Saturday, May 1, 2010

Distorting Israel

One of the many ways our radical left uses to slander their country for the amusement of its enemies is by telling quarter-truths in a way that makes us look outlandish, while refraining from telling the three-quarters of the story (or the 95% of it) that would honestly explain what's going on. In the past I've mentioned their claims that we're passing all sorts of laws meant to shut them down and stifle free speech, end democracy and generally destroy the Zionist dream. The Guardian dutifully and gleefully runs with the story, of course.

Here's what I mean about dishonest lack of context. Yossie Verter, the top political correspondent at Haaretz, pokes serious fun at Netanyahu for blocking a law that's just beginning its meandering through the legislature. The sense of the fun is that everyone - even the legislators trying to push the law through - knows fully well that from here to there, from inception to law, the road is so long and twisted that the current stage is hardly more than grandstanding. Maybe it's a fine law, maybe it's foolish, but in any case, why in the world is the prime minster getting all worked up about it? He wants it stymied? Fine. Pull a string and have it die in committee. Or re-word it so it says the opposite of what it was intended to say. Or use any one of 3002 other tricks, all standard procedure, so that it never becomes law. Why squander political capital on making such a fuss?
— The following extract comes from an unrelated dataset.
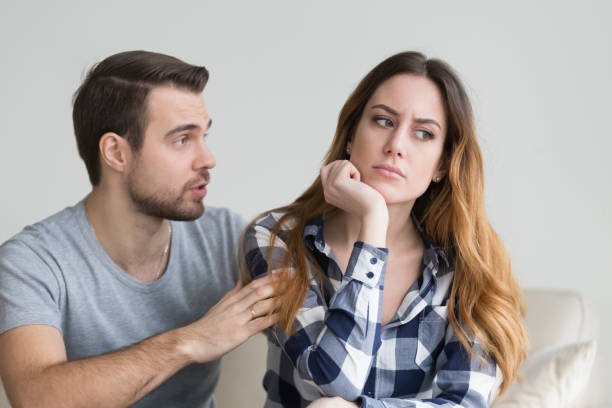 Your partner is saying 'sorry', but does he really realize his mistake?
That's the fist part of the article. The second says the same, from the opposite side. This time Netanyahu's bugbear isn't a talented lefty-MK, but rather a talented right-wing demagogue with almost no political base, whom Netanyahu just propped up by taking him extremely seriously, with no particular justification.

Now, take Verter's comments about Netanyahu and cut and past them so that it's the radical left, not the prime minister, and the acting out is happening in the foreign press, not in our internal discussion in Hebrew. Is there an occasional act of political grandstanding aimed against them? Yes. Is it likely to transform Israeli democracy into something not-recognizably democratic? Of course not. Do 100% of the participants in the grandstanding, from all sides, recognize this state of the matter? Yes. Is this the message being broadcast to the rest of the world? No. Rather the opposite. Is there any rational justification for spreading stories abroad which are palpably dishonest, in such a way as to besmirch your country? Not that I can see.

26 comments:

NormanF said...

Netanyahu has not been forgiven by Israel's Left for making Israel one of the world's 20 top performing economies when he was Finance Minister. They see no good in him and hate him in a way they never hated any previous Israeli Prime Minister. Even the fact he is seriously trying to reach an agreement with the Palestinians is not enough to make them reassess the situation. In the Israeli media, ideology in this situation does indeed work to the country's detriment.

Victor said...

I have no particular love for Netanyahu, but the abuse that he and Lieberman were subjected to in the US (and, I imagine, in the European media) immediately prior and post Israeli elections last year was incredible. It was so clearly a pre-emptive attack on their reputations, conditioning the US media and political class to regard them as anathema.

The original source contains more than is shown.